Employers in Australia urged to close gender pay gap

The factors that weigh on unfair compensation include discrimination, bias in hiring, and having more men in senior management roles.
By: | December 13, 2022

Female employees in Australia lag behind their male counterparts when it comes to wage parity, reported the Workplace Gender Equality Agency (WGEA), an Australian Government statutory agency created by the Workplace Gender Equality Act 2012.

According to WGEA, female employees earned 22.8% less than male employees, with those working in finance companies suffering the largest wage gaps compared to their male co-workers.
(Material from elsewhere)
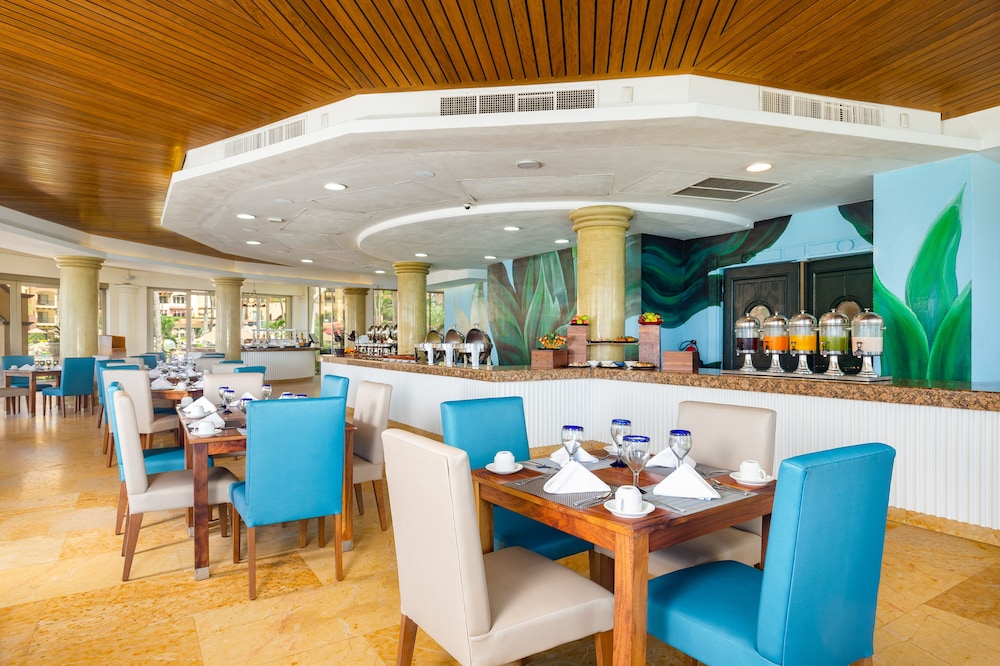 Villa Del Palmar Flamingos Beach Resort and Spa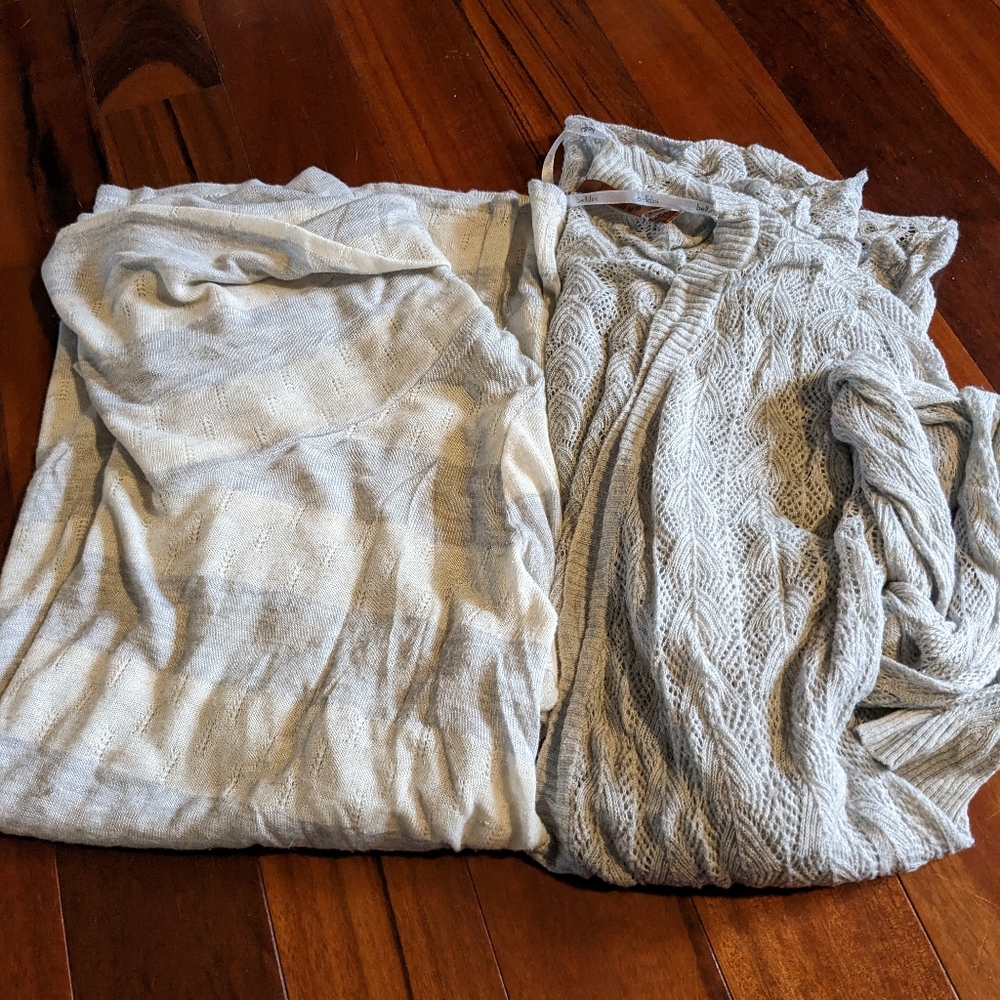 Bundle of 2 tops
This marks the first time that progress has stalled since the government agency began to collect the data in 2013. 

“It’s very disturbing and disappointing, in terms of the progress,” said WGEA director Mary Wooldridge. “It needs to serve as a call out to all employers that we need to do better”, reported Bloomberg.

The factors that weigh on unfair compensation include discrimination, bias in hiring, having more men in senior management roles who tend to receive bigger bonuses, and a large proportion of women in lower paid education and healthcare jobs.

READ: Gender equity for women in Australia requires more action

The WGEA data drew information from employer reports from April 1 last year through to March 31 this year, covering 4,795 reporting organisations and almost 4.5 million employees.

Although Australia requires organisations hiring more than 100 employees to provide information annually, the results of individual organisations are not published.